En petits diamètres, sur 29 mois de production, nous avons atteint seulement à trois reprises les objectifs du budget (novembre 2021, janvier 2022 et mars 2023). À quelques reprises nous sommes «passés» pas loin (décembre 2021, février 2023, mars 2024). La plupart du temps, malheureusement nous étions largement au-dessus avec des pic à 20, 25 et parfois même, plus de 30 % de rebuts.
En moyens diamètres, la situation était peu ou prou identique à une exception notable, les trois premiers mois de 2024 sont meilleurs que les objectifs fixés.

Face à cela, un plan de reprise des performances avait été lancé afin d’enrayer la «spirale» infernale et de revenir à une situation un peu plus industrielle.

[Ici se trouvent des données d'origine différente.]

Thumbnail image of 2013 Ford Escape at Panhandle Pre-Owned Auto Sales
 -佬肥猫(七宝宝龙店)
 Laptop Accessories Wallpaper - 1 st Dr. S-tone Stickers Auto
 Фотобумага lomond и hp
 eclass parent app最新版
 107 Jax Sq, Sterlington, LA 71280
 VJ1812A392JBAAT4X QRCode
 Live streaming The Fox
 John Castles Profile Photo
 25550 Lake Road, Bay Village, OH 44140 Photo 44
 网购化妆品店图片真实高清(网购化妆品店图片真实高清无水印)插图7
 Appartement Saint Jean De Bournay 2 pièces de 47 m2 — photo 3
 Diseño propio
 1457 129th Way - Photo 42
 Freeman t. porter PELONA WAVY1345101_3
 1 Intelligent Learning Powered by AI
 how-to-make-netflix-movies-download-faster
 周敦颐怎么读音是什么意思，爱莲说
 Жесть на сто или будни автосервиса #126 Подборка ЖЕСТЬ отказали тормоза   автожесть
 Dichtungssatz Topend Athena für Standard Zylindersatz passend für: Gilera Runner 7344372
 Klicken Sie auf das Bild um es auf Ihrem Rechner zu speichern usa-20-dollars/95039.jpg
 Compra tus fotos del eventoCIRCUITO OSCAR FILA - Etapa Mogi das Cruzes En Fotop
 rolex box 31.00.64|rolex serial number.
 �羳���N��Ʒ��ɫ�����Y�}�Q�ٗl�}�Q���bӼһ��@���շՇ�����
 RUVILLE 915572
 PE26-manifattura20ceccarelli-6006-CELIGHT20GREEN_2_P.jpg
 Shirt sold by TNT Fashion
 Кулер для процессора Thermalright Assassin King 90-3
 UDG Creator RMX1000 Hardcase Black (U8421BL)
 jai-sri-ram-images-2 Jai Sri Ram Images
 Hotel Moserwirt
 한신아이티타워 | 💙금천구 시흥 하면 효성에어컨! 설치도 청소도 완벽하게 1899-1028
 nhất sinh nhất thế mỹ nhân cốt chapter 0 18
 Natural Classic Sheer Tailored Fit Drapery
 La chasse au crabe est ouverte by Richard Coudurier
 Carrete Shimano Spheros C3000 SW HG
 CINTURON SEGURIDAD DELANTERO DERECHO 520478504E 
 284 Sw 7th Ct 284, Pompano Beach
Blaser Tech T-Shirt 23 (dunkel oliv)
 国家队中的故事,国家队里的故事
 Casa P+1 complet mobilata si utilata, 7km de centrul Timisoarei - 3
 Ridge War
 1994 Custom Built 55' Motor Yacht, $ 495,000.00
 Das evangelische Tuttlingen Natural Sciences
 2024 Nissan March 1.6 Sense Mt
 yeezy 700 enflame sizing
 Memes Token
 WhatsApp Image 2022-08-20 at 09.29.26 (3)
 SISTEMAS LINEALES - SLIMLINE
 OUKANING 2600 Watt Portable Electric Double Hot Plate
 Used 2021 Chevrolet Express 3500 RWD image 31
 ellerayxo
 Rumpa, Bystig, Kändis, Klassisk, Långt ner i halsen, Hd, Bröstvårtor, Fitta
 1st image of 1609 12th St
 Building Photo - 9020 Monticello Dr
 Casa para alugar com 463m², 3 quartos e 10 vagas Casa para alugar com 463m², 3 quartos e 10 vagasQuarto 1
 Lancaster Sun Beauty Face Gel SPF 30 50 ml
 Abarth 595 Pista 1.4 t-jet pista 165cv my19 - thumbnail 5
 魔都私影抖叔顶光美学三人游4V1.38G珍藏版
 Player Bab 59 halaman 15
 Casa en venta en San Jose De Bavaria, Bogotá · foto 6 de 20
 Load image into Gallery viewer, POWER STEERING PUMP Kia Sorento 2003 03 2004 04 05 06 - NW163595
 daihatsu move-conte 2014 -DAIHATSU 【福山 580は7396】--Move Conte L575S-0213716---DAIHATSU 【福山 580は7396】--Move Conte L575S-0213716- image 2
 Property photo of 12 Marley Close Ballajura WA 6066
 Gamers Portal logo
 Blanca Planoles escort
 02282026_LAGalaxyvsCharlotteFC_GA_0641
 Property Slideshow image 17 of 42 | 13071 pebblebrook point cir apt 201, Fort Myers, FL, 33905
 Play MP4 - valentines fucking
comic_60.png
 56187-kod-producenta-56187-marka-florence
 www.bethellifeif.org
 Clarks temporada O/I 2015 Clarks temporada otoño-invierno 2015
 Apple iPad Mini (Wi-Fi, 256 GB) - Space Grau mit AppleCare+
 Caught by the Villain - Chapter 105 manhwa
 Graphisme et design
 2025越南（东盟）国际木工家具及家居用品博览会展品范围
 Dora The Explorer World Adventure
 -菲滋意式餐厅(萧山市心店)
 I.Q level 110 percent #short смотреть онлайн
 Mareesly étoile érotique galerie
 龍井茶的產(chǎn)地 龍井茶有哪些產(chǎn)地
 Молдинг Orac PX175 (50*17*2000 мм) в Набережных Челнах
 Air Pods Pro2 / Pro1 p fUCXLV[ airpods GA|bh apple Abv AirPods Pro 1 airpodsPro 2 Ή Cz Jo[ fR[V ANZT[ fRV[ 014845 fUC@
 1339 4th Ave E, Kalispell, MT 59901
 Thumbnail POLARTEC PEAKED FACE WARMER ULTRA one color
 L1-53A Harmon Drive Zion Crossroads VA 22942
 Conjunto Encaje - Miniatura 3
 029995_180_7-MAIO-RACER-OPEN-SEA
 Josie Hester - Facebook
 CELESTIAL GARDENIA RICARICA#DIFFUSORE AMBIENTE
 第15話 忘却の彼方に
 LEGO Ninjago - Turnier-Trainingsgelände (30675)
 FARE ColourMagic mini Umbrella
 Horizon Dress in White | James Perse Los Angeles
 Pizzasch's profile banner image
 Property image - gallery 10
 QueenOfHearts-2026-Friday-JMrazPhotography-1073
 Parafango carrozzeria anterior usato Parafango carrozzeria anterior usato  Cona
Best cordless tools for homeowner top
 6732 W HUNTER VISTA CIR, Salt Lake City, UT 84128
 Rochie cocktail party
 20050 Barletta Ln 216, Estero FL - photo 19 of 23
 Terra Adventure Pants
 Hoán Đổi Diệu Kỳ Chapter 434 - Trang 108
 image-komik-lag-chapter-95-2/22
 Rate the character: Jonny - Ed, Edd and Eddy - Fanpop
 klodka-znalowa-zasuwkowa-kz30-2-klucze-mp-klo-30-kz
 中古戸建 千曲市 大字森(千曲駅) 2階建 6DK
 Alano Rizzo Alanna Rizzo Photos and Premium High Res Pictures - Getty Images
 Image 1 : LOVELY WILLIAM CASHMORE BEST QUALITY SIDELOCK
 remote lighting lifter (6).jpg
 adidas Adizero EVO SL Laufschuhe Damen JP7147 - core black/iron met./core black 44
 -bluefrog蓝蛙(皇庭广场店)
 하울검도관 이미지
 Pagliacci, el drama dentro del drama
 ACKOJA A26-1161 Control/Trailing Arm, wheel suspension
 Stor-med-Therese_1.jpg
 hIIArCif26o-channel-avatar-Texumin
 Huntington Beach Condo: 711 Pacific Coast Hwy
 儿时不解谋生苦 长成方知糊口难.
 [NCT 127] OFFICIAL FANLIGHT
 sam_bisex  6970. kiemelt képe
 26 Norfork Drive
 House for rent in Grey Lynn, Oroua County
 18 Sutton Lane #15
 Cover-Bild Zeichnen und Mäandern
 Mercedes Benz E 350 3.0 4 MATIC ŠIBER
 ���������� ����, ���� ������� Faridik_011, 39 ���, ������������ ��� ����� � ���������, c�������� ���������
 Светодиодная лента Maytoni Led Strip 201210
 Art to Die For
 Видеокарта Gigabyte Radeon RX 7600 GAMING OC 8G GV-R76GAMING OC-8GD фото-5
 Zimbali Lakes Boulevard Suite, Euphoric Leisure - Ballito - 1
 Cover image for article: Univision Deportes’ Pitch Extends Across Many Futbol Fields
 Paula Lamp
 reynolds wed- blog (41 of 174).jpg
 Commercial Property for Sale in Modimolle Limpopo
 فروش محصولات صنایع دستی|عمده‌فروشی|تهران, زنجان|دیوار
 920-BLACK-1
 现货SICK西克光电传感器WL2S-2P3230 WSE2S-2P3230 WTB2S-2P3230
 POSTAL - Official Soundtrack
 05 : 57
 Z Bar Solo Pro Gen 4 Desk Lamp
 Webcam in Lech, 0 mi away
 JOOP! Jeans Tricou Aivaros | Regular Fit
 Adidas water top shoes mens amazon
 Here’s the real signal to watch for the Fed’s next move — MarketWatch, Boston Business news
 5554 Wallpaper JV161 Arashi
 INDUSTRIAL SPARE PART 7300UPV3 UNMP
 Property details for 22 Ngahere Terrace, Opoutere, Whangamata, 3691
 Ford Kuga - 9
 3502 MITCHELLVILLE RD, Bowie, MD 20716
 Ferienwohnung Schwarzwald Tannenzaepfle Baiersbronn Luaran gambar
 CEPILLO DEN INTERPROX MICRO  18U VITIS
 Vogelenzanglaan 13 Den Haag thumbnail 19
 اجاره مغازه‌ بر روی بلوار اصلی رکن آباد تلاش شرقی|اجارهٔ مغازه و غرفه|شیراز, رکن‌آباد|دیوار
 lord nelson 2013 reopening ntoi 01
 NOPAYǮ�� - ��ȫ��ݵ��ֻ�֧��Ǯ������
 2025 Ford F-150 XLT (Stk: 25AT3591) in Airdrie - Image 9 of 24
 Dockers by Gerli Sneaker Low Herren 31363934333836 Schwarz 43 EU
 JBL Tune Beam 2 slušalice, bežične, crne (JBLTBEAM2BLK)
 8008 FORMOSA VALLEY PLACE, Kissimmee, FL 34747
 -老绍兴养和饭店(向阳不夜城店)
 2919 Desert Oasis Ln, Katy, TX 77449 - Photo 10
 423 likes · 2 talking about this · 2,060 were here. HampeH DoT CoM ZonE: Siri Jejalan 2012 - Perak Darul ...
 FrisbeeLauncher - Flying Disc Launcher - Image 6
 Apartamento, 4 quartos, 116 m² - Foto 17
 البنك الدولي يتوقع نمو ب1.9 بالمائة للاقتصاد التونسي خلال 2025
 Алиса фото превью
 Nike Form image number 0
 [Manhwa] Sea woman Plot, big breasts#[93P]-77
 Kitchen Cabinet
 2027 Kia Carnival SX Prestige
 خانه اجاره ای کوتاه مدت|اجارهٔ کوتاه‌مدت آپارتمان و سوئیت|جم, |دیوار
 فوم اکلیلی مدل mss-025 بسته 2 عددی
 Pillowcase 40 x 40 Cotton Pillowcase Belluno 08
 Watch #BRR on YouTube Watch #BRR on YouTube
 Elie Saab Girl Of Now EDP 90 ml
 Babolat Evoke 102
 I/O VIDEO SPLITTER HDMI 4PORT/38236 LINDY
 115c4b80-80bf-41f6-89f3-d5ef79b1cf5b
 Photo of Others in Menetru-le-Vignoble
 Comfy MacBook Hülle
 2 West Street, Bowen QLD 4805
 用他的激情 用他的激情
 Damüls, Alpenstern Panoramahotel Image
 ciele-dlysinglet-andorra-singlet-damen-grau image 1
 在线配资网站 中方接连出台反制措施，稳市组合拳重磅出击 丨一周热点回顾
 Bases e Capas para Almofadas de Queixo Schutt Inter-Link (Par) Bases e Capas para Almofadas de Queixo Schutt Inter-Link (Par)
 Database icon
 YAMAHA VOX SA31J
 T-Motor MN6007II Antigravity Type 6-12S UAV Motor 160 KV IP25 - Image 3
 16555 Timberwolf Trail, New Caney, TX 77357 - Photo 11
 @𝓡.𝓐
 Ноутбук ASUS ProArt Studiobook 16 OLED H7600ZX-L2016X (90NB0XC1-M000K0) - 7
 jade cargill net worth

Les grandes lignes du plan de reprise :

Une des premières mesures a été de travailler sur l’ordonnancement et notamment la séparation des production UNI et STD ainsi que des PDN et des MDN.

La remise en place du correcteur fonte a permis de mieux maîtriser les paramètres métal.
Des actions sont également en cours concernant la maîtrise du «noir» à canal et noyautage.

Un travail spécifique sur l’atelier coquilles et sur la préparation de ces dernières a permis des améliorations.

Une meilleure prise en compte des remontées du terrain, la mise en place de routines managériales vont également dans le bon sens.

Il reste maintenant à atteindre les objectifs (nous n’en sommes pas loin) et surtout stabiliser le rebut dans les mois à venir.